Greek Debt Crisis In Photos: Here’s What Possible Total Economic Collapse Looks Like On The Ground
Banks indeterminately shuttered, ATM screens that read, “sorry, temporarily unable to dispense cash,” food and medicine shortages, and crippling uncertainty – that’s the situation on the ground in Greece, a country thrown into financial chaos amid missed loan payments, a failed bailout and angry European creditors.
Almost two weeks after Athens missed its loan payment to the International Monetary Fund, the leash on Greece’s capital controls was getting even shorter. ATM withdrawal limits have left many citizens strapped for cash. Banks have been closed for almost a week and probably will remain that way for the foreseeable future. Goods cannot be purchased from abroad as the government has prevented so-called currency export, which means no more Amazon purchases of products from outside Greece, and no more using debit cards outside the country, according to the Economist.
In Greece, people aren’t spending like they normally would. As president of the Athens Chamber of Commerce and Industry Constantine Michalos put it, “consumption has gone down to the dumps,” he told the Wall Street Journal. Meat suppliers have refused to unload their trucks until they have money in hand, sparking concerns of a food shortage in a country with a domestic supply that is hardly enough to sustain Greece’s 11 million people. Medicine isn’t getting paid for, which could mean foreign pharmaceutical companies cutting off Greece’s supplies.

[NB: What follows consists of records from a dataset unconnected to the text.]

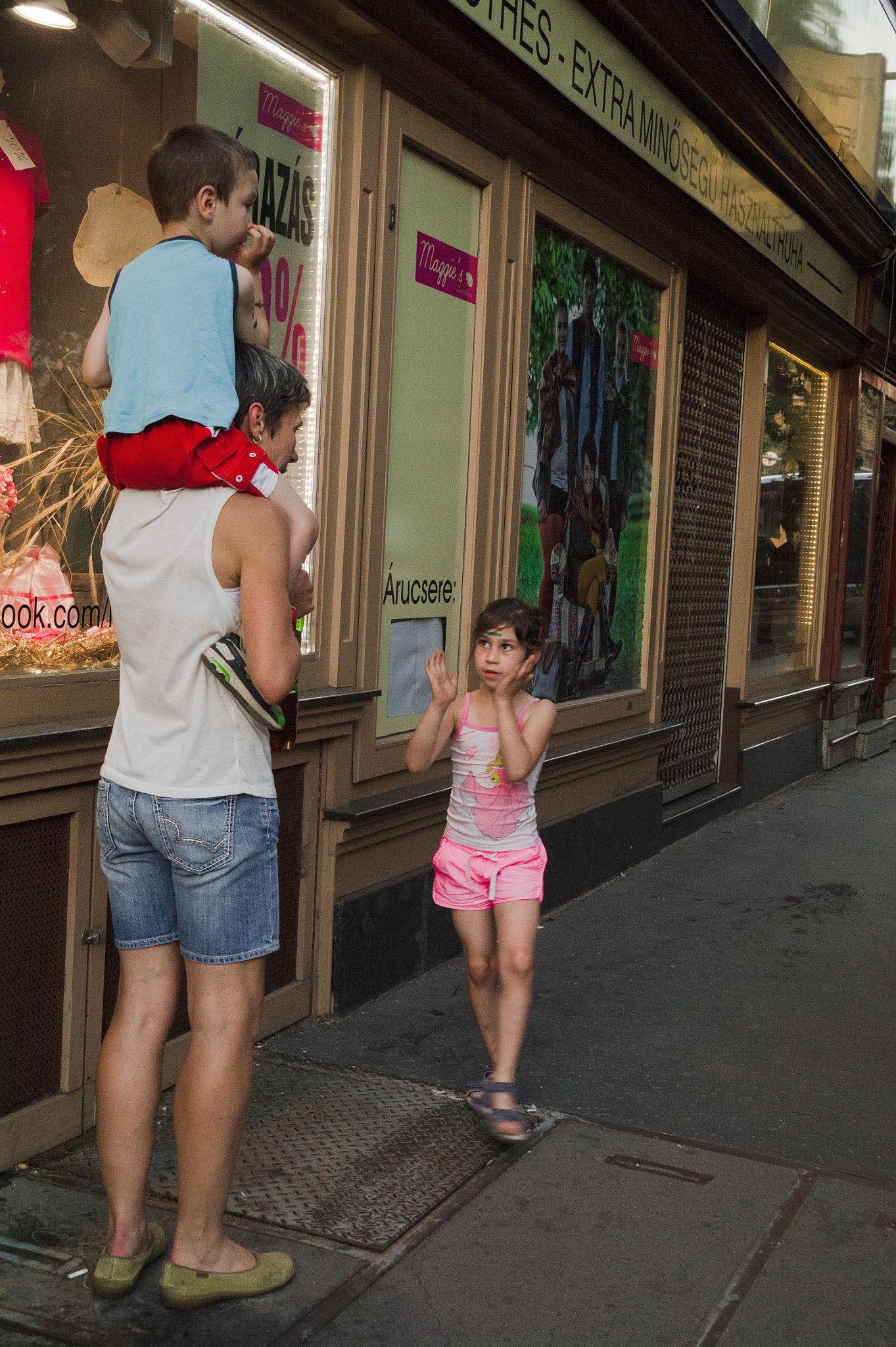 Samsung NX10 sample photo. On the streets of budapest photography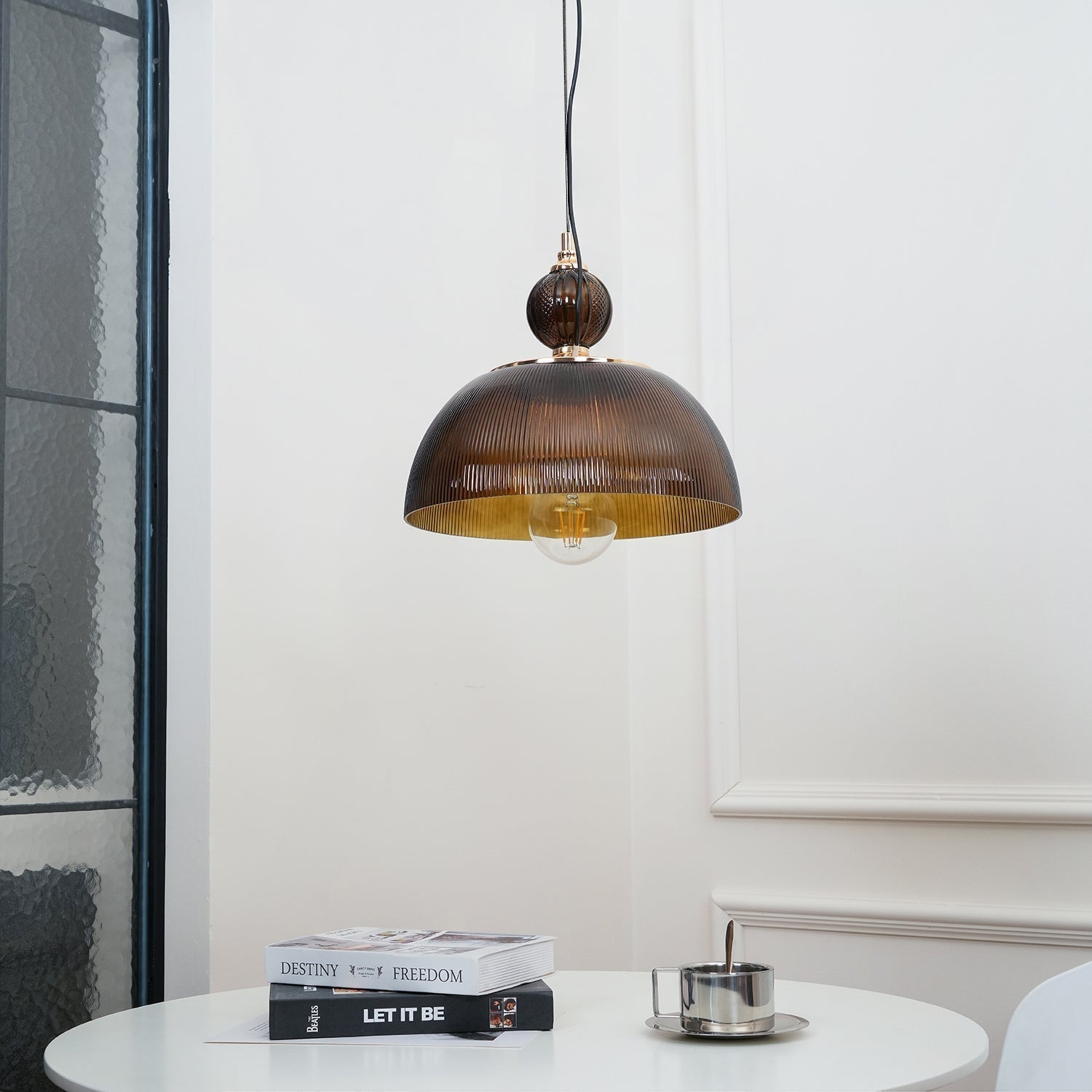Nyra Retro-Pendelleuchte aus Glas-Letslighting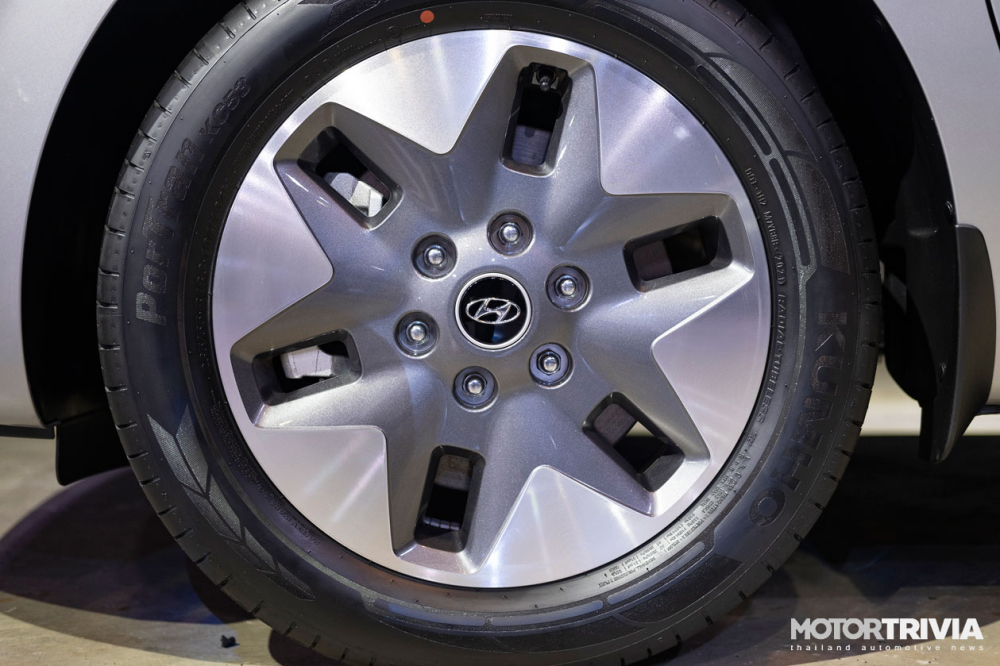 Hyundai Staria 2021 tại Thái Lan dùng vành 17 inch hoặc 18 inch, tùy phiên bản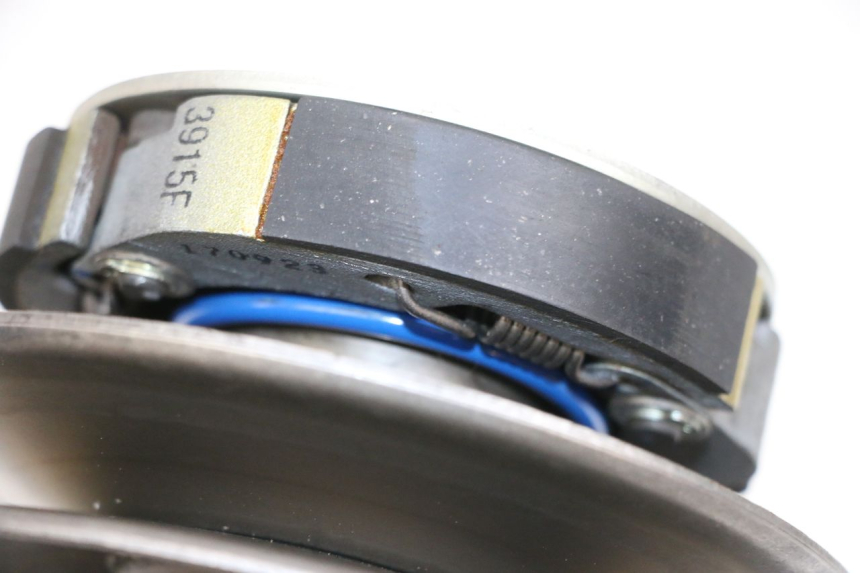 photo de EMBRAGUE PIAGGIO NEW TYPHOON 50 (2018 - 2021) - Detalles de los puntos de fijación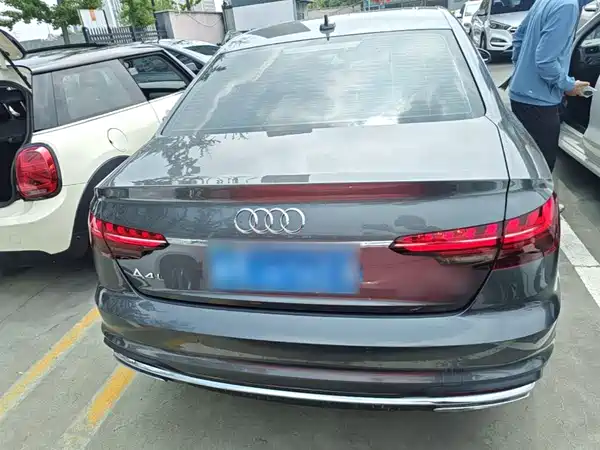 Audi A4L 2020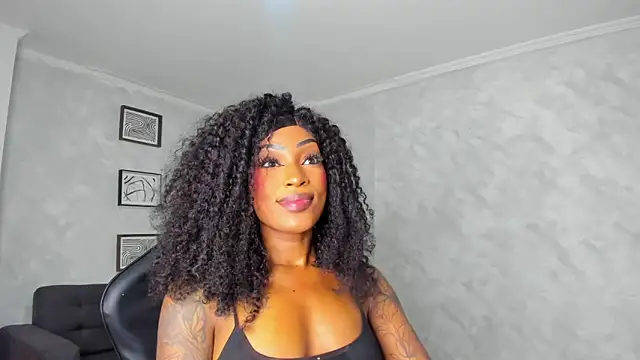 Snapshot of Emattaylor chatting on February 25, 1:00 pm Emattaylor online show from February 25, 1:00 pm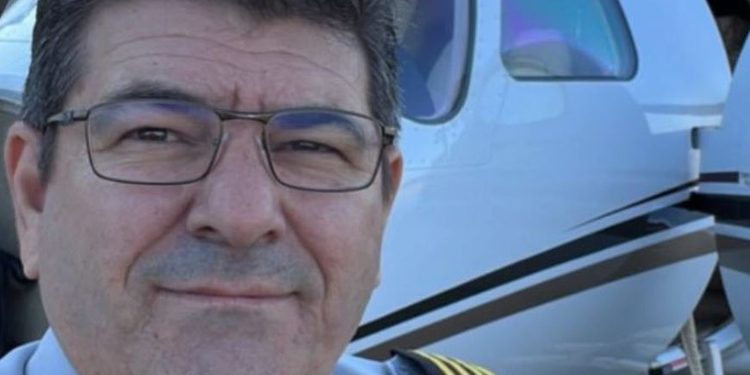 Piloto morre após queda de avião no meio da rua e mais quatro pessoas ficam f3r1das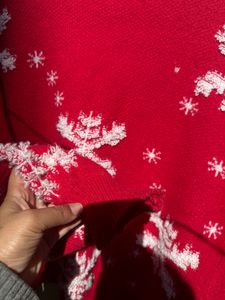 Urbanic Red Snow ❄️ Sweater
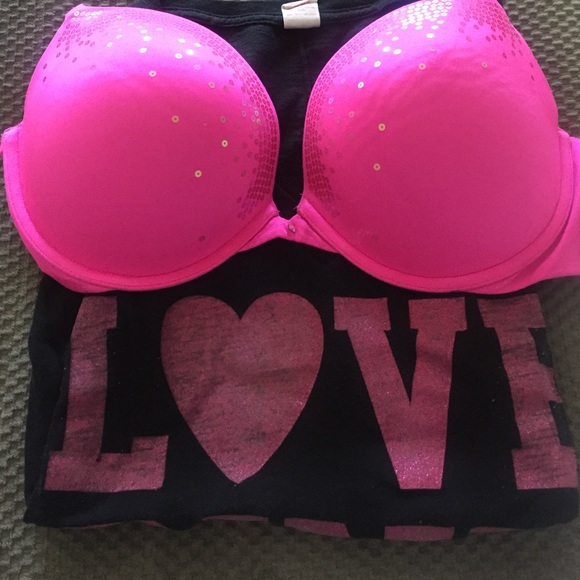 VS Bra & T shirt bundle ( Reserved‼️‼️‼️)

The roots of Greece’s financial problems run deep, but the country’s most recent woes began after Greece missed a 1.5 billion euro ($1.7 billion) loan payment to the International Monetary Fund in late June and eurozone nations refused to simply bail out Greece without some strings attached (other countries that have missed payments include Iraq, Sudan, Somalia and Zimbabwe – not countries Greece wants to be lumped together with). Greek citizens ultimately voted to reject the terms of an international bailout last week, sending eurozone leaders reeling and Greece into sudden panic.
If Greece and its creditors can’t come to an agreement, Greece could be bounced from the eurozone, which could spell disaster and send shock waves around the globe. In a last-ditch effort to save his country from economic collapse, Prime Minister Alexis Tsipras has said he will provide eurozone leaders with a plan for reforming his country’s spending habits in exchange for more aid. However, many of Greece’s angered creditors remained wary.